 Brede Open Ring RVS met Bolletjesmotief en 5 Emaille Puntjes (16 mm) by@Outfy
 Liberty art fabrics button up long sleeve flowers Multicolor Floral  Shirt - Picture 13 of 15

◆ ◆ ◆ ◆ ◆ ◆ ◆

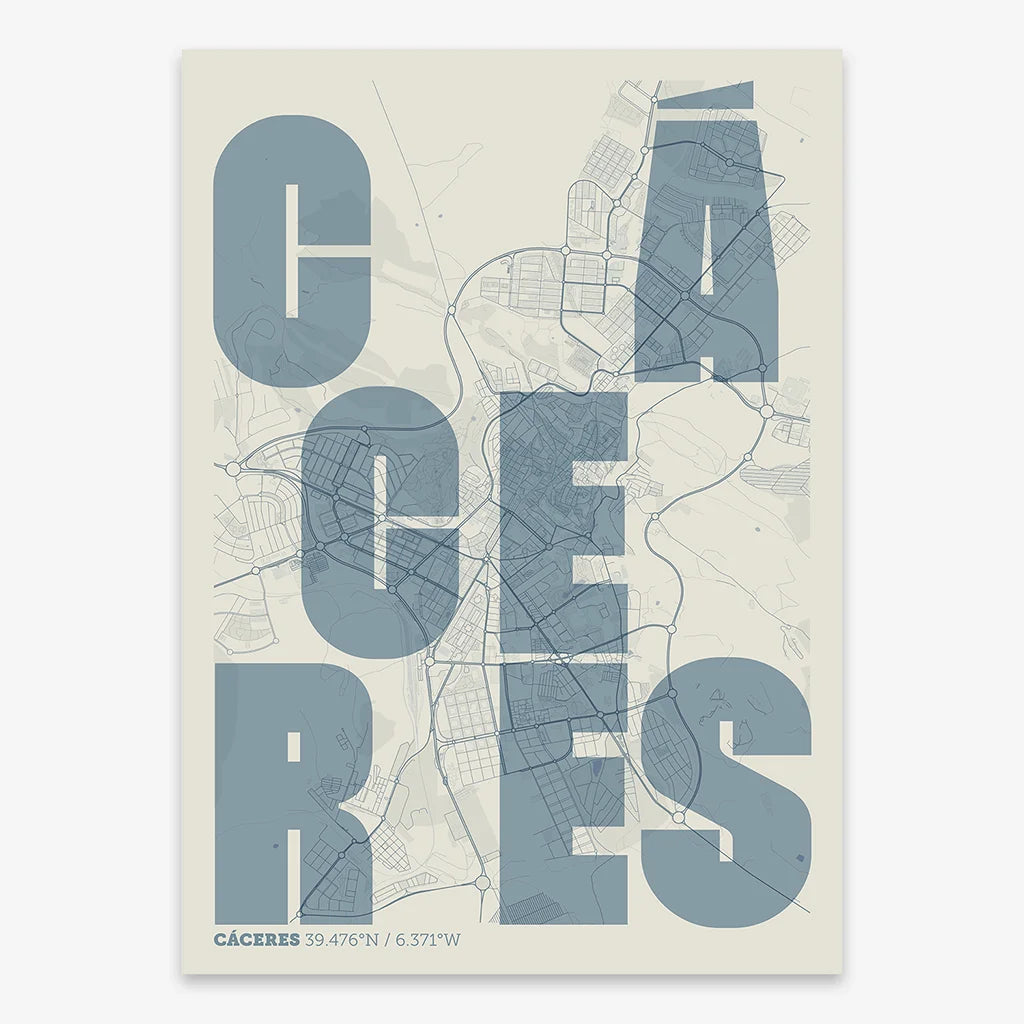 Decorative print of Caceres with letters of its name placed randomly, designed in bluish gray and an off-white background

◆ ◆ ◆ ◆ ◆ ◆ ◆

■ **REQUIRED ACTION**:
The lines above from the one with "Brede Open Ring" through the one with "Liberty art fabrics" are to be duplicated exactly, ends included, with nothing added.

■ **THE COMPLETED TASK**:
 Brede Open Ring RVS met Bolletjesmotief en 5 Emaille Puntjes (16 mm) by@Outfy
 Liberty art fabrics button up long sleeve flowers Multicolor Floral  Shirt - Picture 13 of 15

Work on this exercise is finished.